(Beginning of INPUT DATA)
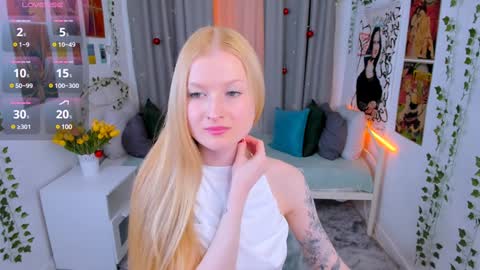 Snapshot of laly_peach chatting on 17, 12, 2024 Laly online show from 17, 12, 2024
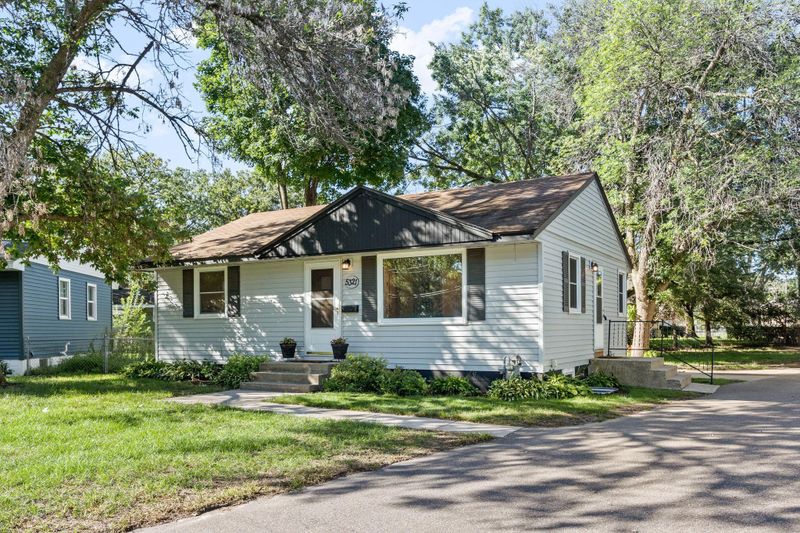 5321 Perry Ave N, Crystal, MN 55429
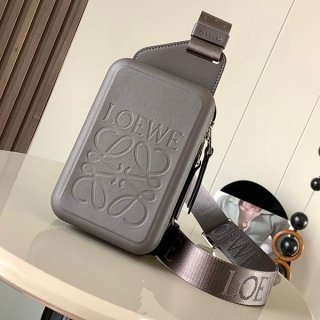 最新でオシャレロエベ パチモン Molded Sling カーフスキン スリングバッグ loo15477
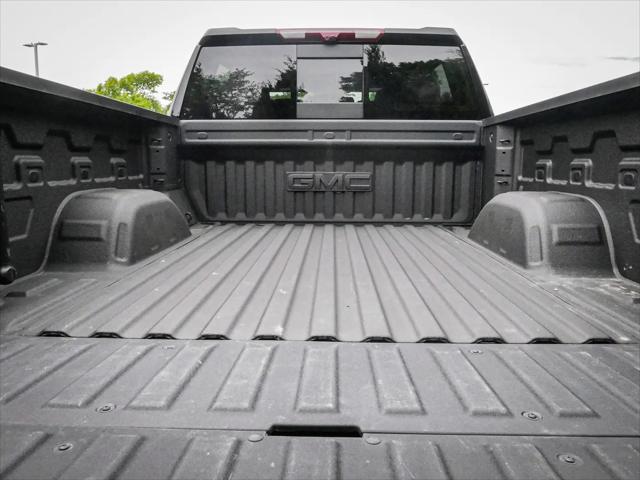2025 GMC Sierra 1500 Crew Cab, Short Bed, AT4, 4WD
(End of INPUT DATA)
» **ASSIGNMENT**: Pictures stay out; reproduce exactly the lines from the one containing "最新でオシャレロエベ パチモン Molded" through the last line of the listing, both included.

» **OUTPUT**:
 最新でオシャレロエベ パチモン Molded Sling カーフスキン スリングバッグ loo15477
2025 GMC Sierra 1500 Crew Cab, Short Bed, AT4, 4WD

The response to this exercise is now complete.